No state criminal charges were filed in any of the 24 stops, records show.
Phelps County deputies seized property worth millions along Interstate 44 in 2016-2017, but charges were never filed against those drivers
Between 2016 and 2017, police in Phelps County seized more than $2.6 million in cash and other property along a 20-mile stretch of Interstate 44. In Missouri, a state seizure of property requires a criminal conviction. But for the 24 seizures documented on the interstate in that two-year span, seizure reports indiciate zero state charges were filed.
Phelps County’s prosecutor’s office reported estimated value of seizures and valued some items at $0. Image courtesy of St. Louis Public Radio.

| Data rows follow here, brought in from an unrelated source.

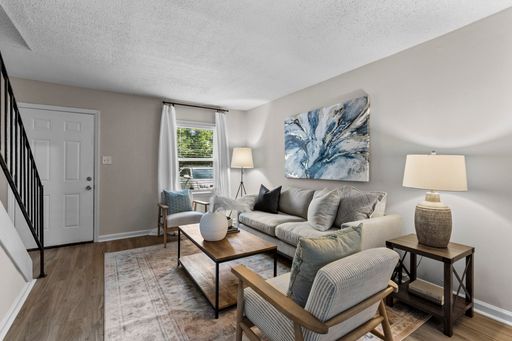 Updated 2 Bedroom, 1.5 Bathroom townhome near Downtown Mebane - Renovated and Pet Friendly! – photo 1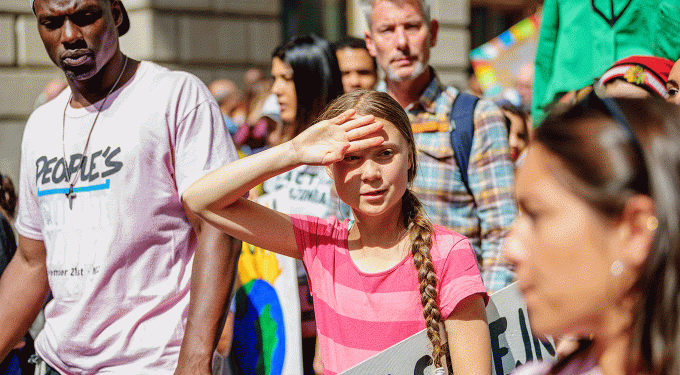 Greta Thunberg convoca novos protestos após ataques de negacionistas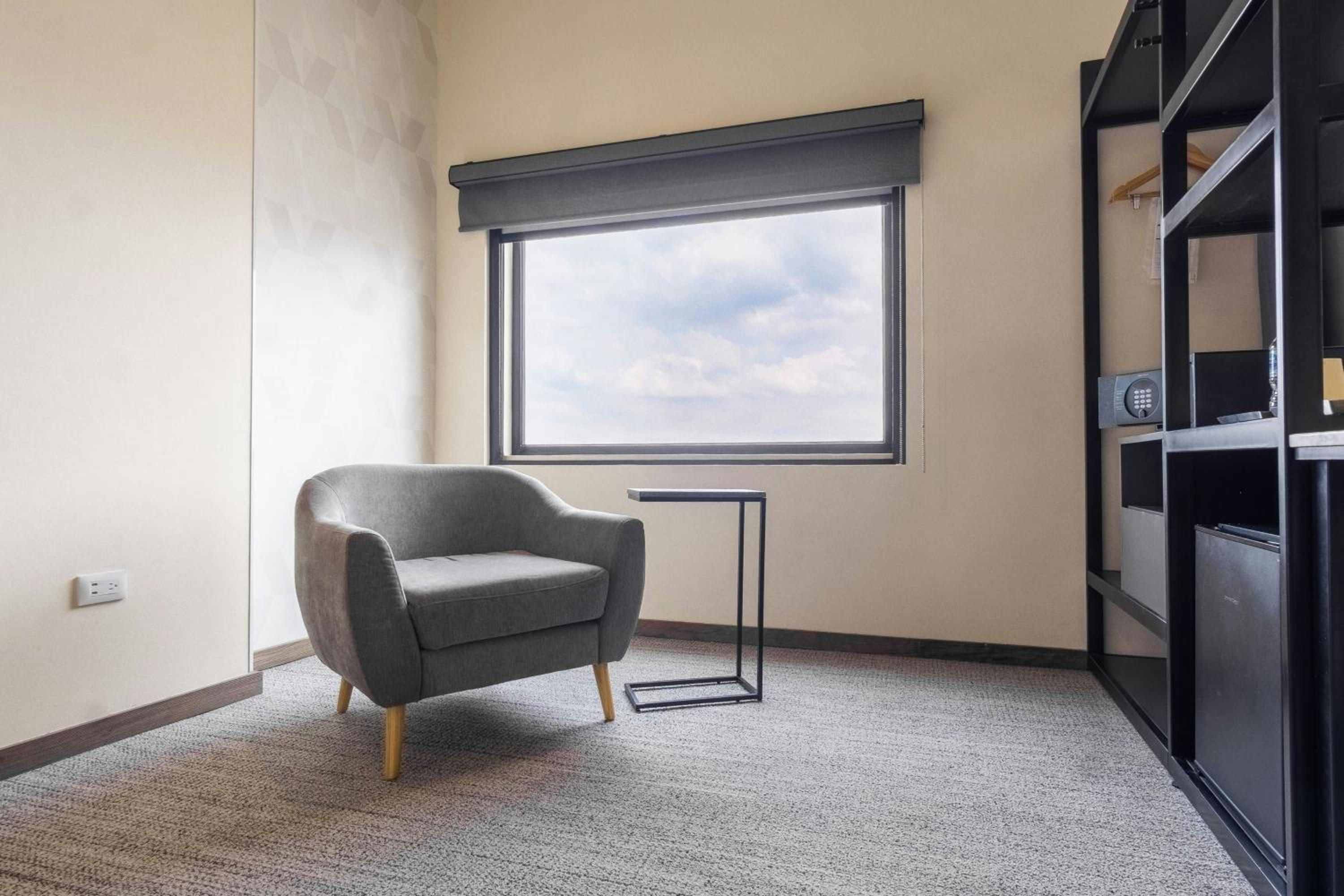 Executive King Room with City View - Photo 3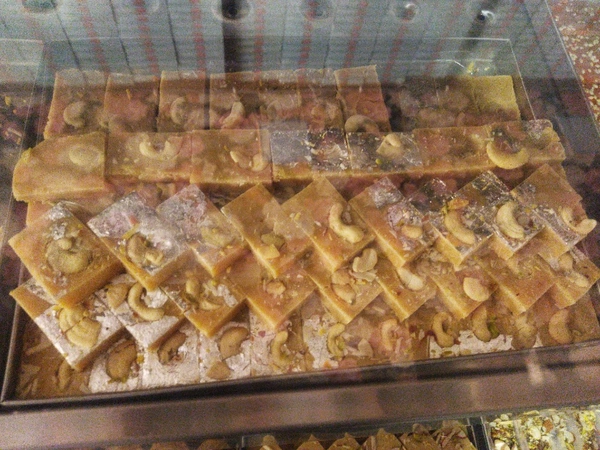 (Raju) Kaju Barfi - 1kg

Phelps County’s prosecutor’s office reported estimated value of seizures and valued some items at $0. Image courtesy of St. Louis Public Radio.
Law vs. reality
The reality of civil asset forfeiture on Missouri’s highways bears little resemblance to the goals of Missouri law.
Missouri’s law around asset forfeiture says police can’t seize property without a criminal conviction. And when there is a state asset forfeiture, the money goes to public schools.
But that’s not what happens.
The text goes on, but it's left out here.